20 council flats in the Danish city of Aarhus are a living lab for a new EU project which will examine how consumers may wilingly alter their energy habits in order to utilise green electricity and heat and gain economic profit.

20 council flats in Aarhus are a living lab for a new EU project.
All though, more and more electricity is produced by solar and wind power, the energy not optimally utilised. The challenge lies in the way electricity and heat is consumed today. Peak loads occur in the energy production, which has a negative effect on the environment because it requires a temporary replacement in energy supply from renewable energy sources to coal and oil.

If the energy consumption were to adapt to the production, great environmental profit could be gained from it.

A new EU research project will examine the measures needed for people to willingly postpone their consumption of electricity and heat to another time in the day, where the electricity in their sockets is green.

The project, which has been entitled ‘Respond’, has achieved EU funding of EUR 3 million.

The project’s Danish partners are presented by Aura Counselling (Aura Rådgivning), the housing association Alboa, Aalborg Universitet (Danish Building Research Institute, SBi) and Develco Products. Besides Denmark, researchers and experts in data and human behaviour from the countries of Spain, Ireland, the Czech Republic and Serbia are also involved in the project.

Uniform consumption patterns cause peak loads
Danes’ energy consumption more or less follows the same pattern; from the light is switched on in the morning and many take a shower to the consumption of television or Netflix in the evening before bed.

Because of this, there is basis for an examination of possible initiatives to influence everyday energy habits and shift a part of the consumption away from peak loads.

“Offhand, the prospect of changing one’s behavioral pattern significantly during busy weekdays may seem difficult but changing our routines for when we wash clothes, prepare meals or start the dishwasher is perhaps more realistic. It is not entirely unrealistic to imagine such a change – especially not if economic gain can be made from it”, says energy consultant Lisbet Stryhn Rasmussen from Aura Counselling.

Three test environments
In connection to the project, three living test environments have been established. The twenty council flats from the housing association Alboa in Aarhus is one of them.

The twenty council flats will deliver consumption data to the project. Each flat has been installed with intelligent electricity and heat meters as well as smart thermostats. Though an app, residents can monitor their consumption and receive information about, for instance, humidity and the indoor climate.

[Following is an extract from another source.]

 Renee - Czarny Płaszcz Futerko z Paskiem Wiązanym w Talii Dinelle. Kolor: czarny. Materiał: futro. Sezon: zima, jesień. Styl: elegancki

“It will be exciting to see how the residents experience the installed products as assistance in their everyday lives. We [Alboa] are also involved in this project in order to achieve the best possible utilisation of the department’s own production of solar power as it may cause economic gain, which will benefit the residents. I look forward to following the families closely during the course of this project”, says Niels Munthe, the Energy Manager at Alboa.

Besides the twenty council flats in Aarhus, tests will also be carried out in a co-operative society on the Aran Islands in Ireland and in a private apartment complex in Madrid, Spain.